─── Given information ───

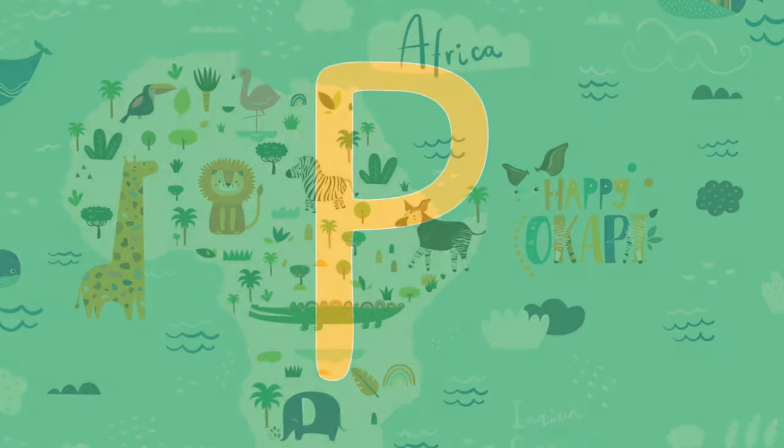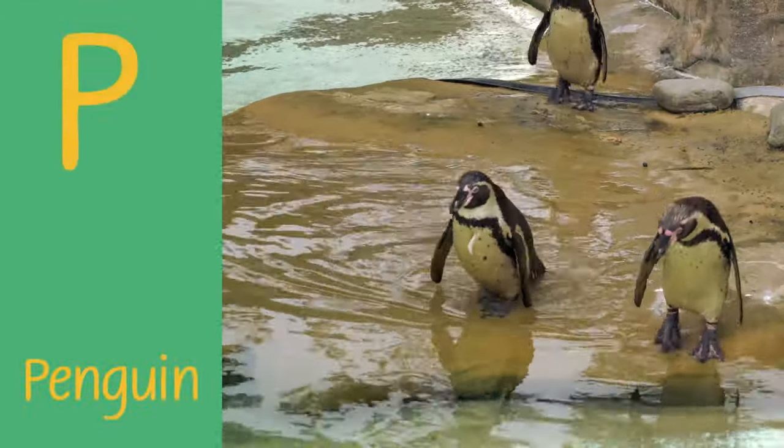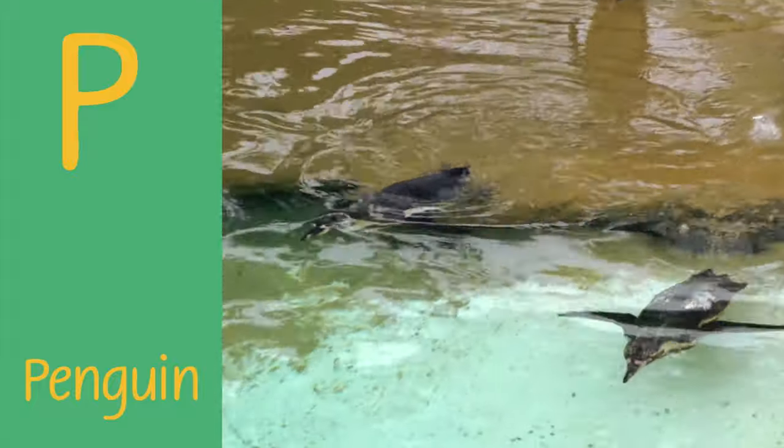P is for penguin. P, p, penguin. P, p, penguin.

───
─── Given information ───

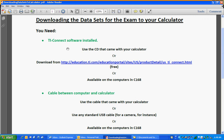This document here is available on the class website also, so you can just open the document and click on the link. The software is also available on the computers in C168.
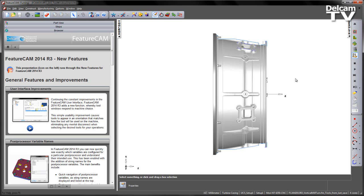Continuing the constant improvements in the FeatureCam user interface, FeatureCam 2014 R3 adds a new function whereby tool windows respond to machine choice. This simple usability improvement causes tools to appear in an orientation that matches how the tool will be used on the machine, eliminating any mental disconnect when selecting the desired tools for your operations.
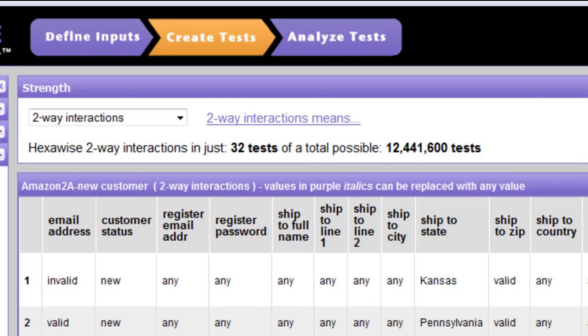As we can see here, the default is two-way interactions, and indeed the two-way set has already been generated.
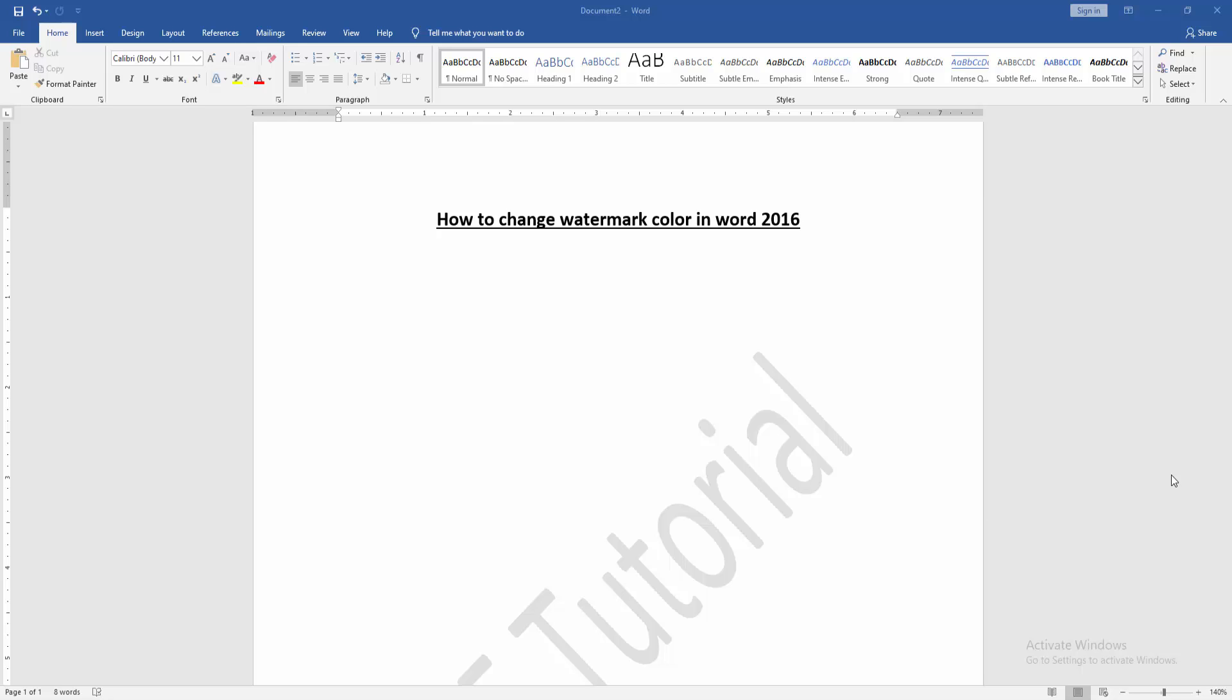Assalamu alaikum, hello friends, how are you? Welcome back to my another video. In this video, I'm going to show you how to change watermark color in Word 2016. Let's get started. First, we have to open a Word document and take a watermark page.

───
─── Given information ───

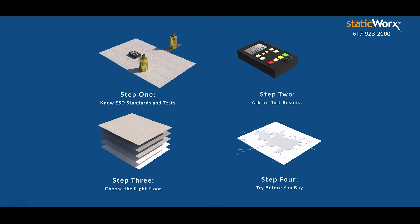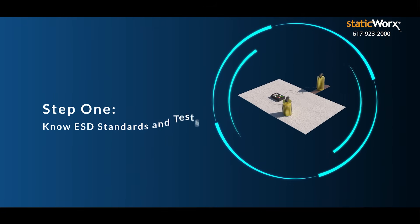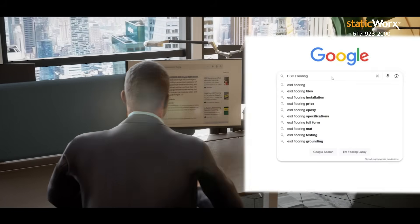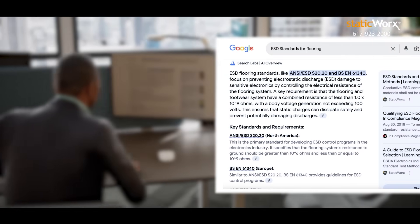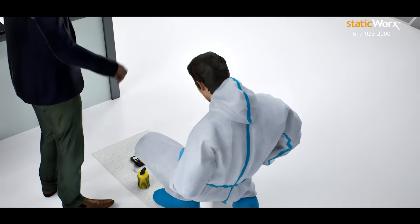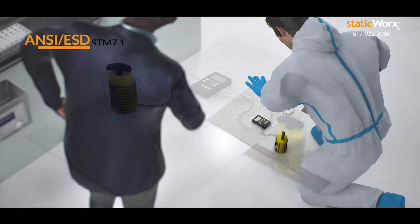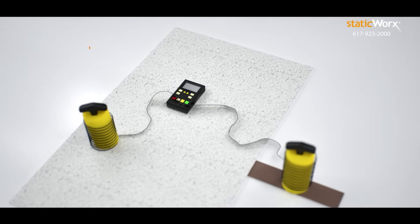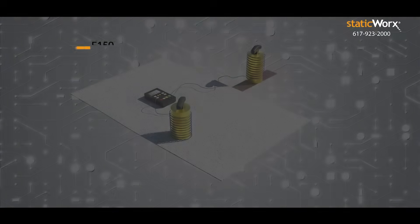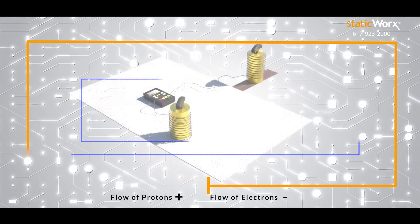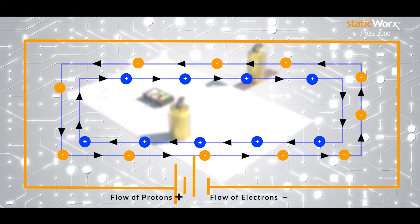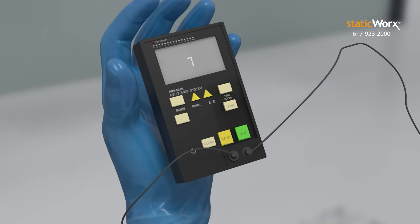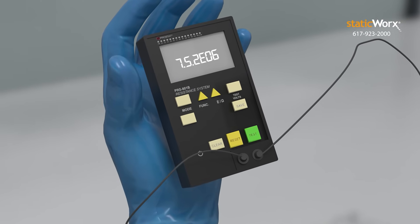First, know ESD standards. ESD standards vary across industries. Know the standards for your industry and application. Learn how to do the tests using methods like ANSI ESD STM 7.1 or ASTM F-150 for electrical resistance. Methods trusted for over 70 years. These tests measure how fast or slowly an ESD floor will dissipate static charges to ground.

───

From the data above, return exactly the lines from the one with "As we can see" up to and including the one with "Assalamu alaikum, hello". Pictures do not go in the copy.

● **Answer box**:
As we can see here, the default is two-way interactions, and indeed the two-way set has already been generated.
Assalamu alaikum, hello friends, how are you? Welcome back to my another video. In this video, I'm going to show you how to change watermark color in Word 2016. Let's get started. First, we have to open a Word document and take a watermark page.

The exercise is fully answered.